According to CECOPAZ, the center has trained approximately 8,000 Peruvian men and women, including 7,000 who have been deployed on peace missions, in its 12 years of operation. However, some service members ultimately choose not to participate in a peace mission upon completing training.
“Being a Blue Helmet is a passion and a vocation,” Capt. Guevara explained. “A Blue Helmet has no nationality, and understands that human tragedies must be overcome. Sadly, UN missions involve heartbreaking situations that we try to repair.”
The Chanka Infantry Command’s Second Battalion’s farewell ceremony was at the Army Headquarters’ Bolognesi Plaza on April 7th. It was attended by Defense Minister Jakke Valakivi, Admiral Jorge Ricardo Moscoso Flores, who is the Armed Forces Joint Chiefs of Staff, Naval Commander Edmundo Deville, Army Commander Luis Ramos, and other officers.
The Peruvian Military members will participate in a joint battalion with Uruguay, which has deployed 260 service members to MINUSTAH. The countries signed a memorandum of understanding in February 2015 to constitute a joint peacekeeping force made up of members of each nation’s Armed Forces.
“The principle task for Peruvian Blue Helmets in Haiti is to support the police in maintaining order in the country,” Capt. Guevara stated. “We will be attending an election in Haiti, and we hope that the Peruvian company’s support will be important for maintaining order in this new stage for the country.”
Haiti requested MINUSTAH
MINUSTAH, which was established in 2004, is present in Haiti at the request of the local government.
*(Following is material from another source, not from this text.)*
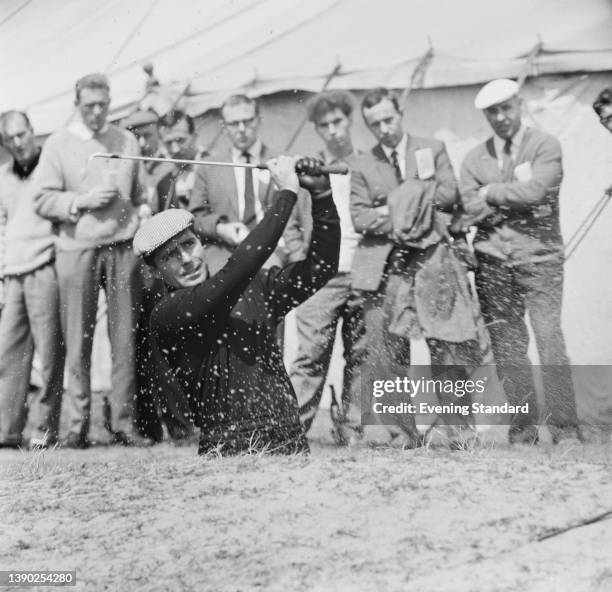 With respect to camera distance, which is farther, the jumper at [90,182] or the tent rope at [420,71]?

From a security point of view, the mission has been a success, especially against the gangs operating freely in the capital of Port-au-Prince and in the areas of Belair, Cité Soleil, and Cité Militaire, Diálogo
in May 2014.
Throughout its history, Peru has had a great participation in peacekeeping missions throughout the world, including ones coordinated by the UN. Peru has been supporting MINUSTAH since 2004. And for the first time, on June 3rd, CECOPAZ will begin training Peruvian National Police officers to participate in MINUSTAH alongside UN police.
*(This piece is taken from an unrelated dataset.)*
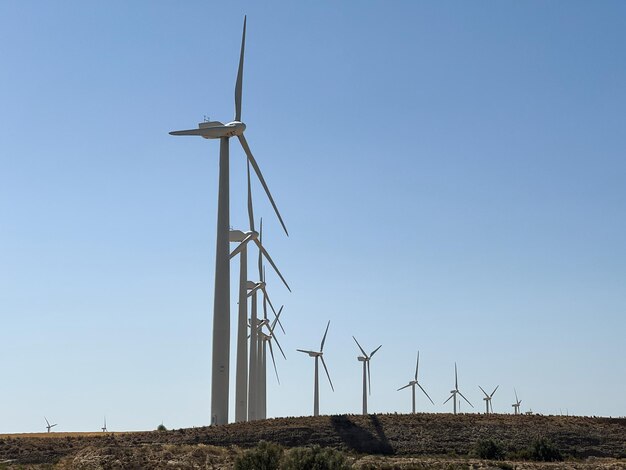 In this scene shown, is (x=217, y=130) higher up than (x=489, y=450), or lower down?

This past January marked Peru’s first involvement with the Multidimensional Integrated Stabilization Mission in the Central African Republic (MINUSCA), as the Andean nation deployed a 205-member Engineering Battalion with expertise in airport to the continent.
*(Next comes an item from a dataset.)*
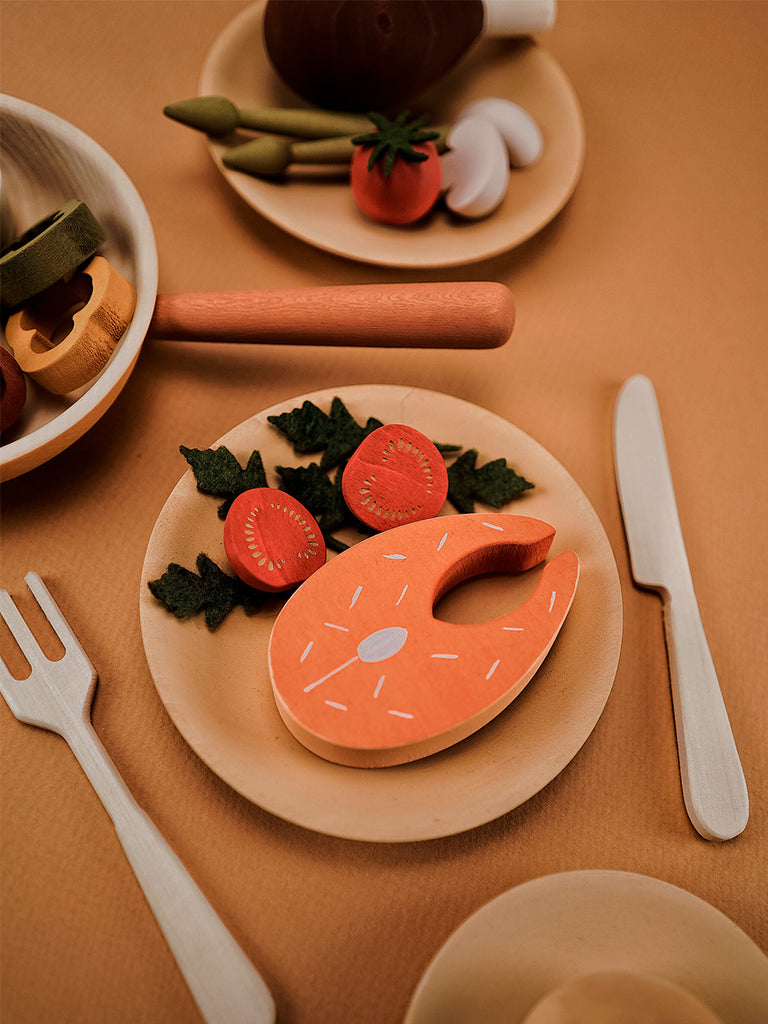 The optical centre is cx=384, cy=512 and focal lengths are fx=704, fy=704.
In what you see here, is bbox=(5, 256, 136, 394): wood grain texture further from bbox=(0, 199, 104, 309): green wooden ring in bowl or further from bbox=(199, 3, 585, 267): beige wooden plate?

Peru will remain in MINUSCA for 10 years, during which time its Military personnel will be relieved annually, according to an Armed Forces Joint Command press release dated January 5th.
Peru also is involved in the UN Operation in Côte d’Ivoire, the UN Stabilization Mission in the Democratic Republic of the Congo, the UN Mission in South Sudan, the UN Interim Security Force for Abyei, and the UN – African Union Mission in Darfur.
“All of these actions spread the reputation of the Armed Forces,” Capt. Guevara said. “[We want to] improve our knowledge of the right to life and human rights, and also implement all of the knowledge we have acquired abroad in complicated and difficult situations in our country’s missions to provide a better tomorrow for our youth.”